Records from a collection

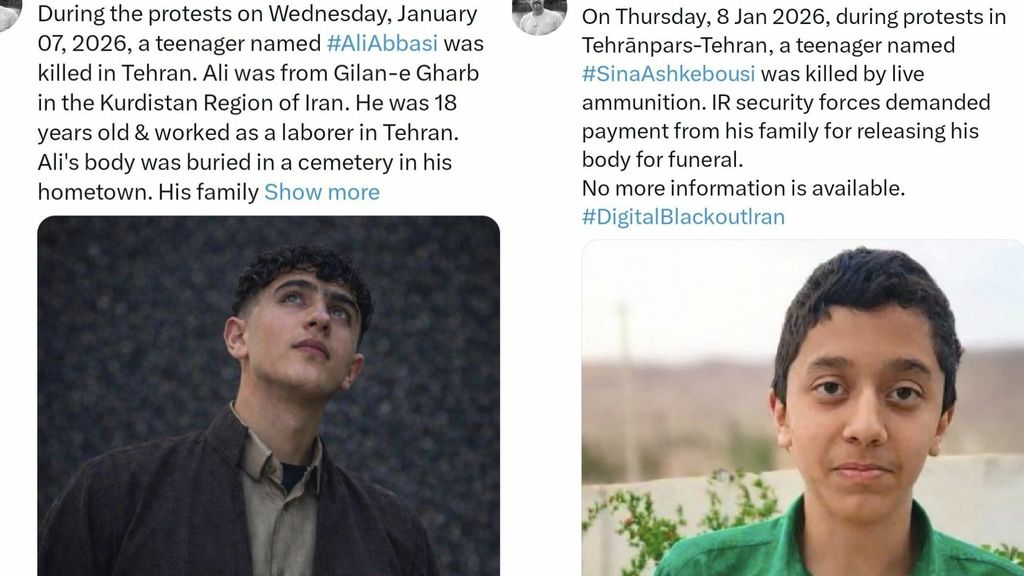 Ubijeni u prosvjedima u Iranu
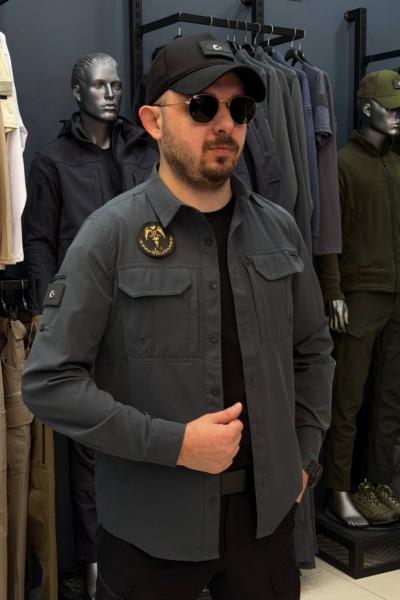 JANDARMA Peçli Gömlek İSSİ Antrasit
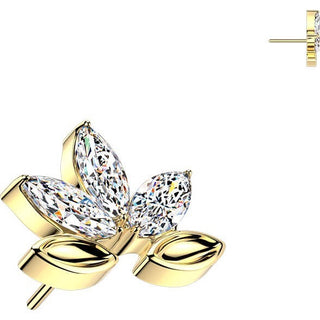 Titanium Top top zirconia marquise cut Push-In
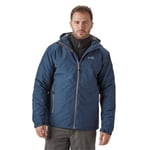 Peter Storm Mens Typhoon Waterproof Jacket with Adjustable Hood, Hiking Raincoat - Navy - Size Small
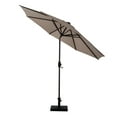 thumbnail image 2 of GARDEN 9 Ft Patio Umbrella w/ Square Plastic Base Included, Gray /White Stripe, 2 of 4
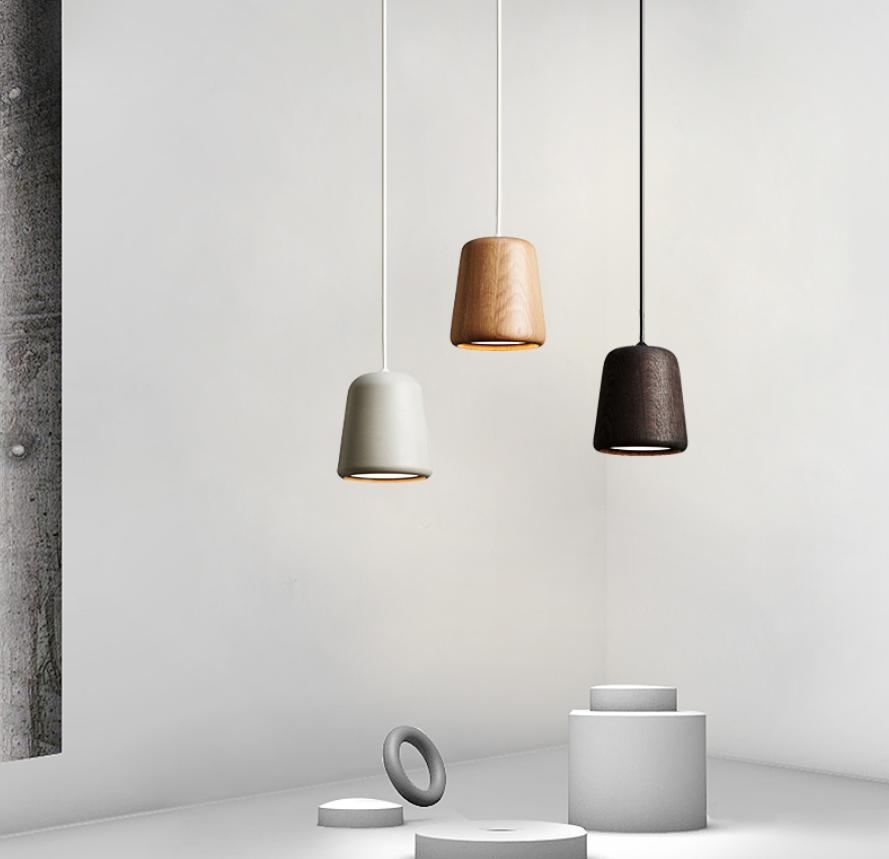 LED Mini Modern Wood Pendant Light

● What you will do
Please retype exactly the lines from the line containing "JANDARMA Peçli Gömlek İSSİ Antrasit" through the final line of the records above, inclusive, leaving out any pictures.

● Expected answer
 JANDARMA Peçli Gömlek İSSİ Antrasit
 Titanium Top top zirconia marquise cut Push-In
 Peter Storm Mens Typhoon Waterproof Jacket with Adjustable Hood, Hiking Raincoat - Navy - Size Small
 thumbnail image 2 of GARDEN 9 Ft Patio Umbrella w/ Square Plastic Base Included, Gray /White Stripe, 2 of 4
 LED Mini Modern Wood Pendant Light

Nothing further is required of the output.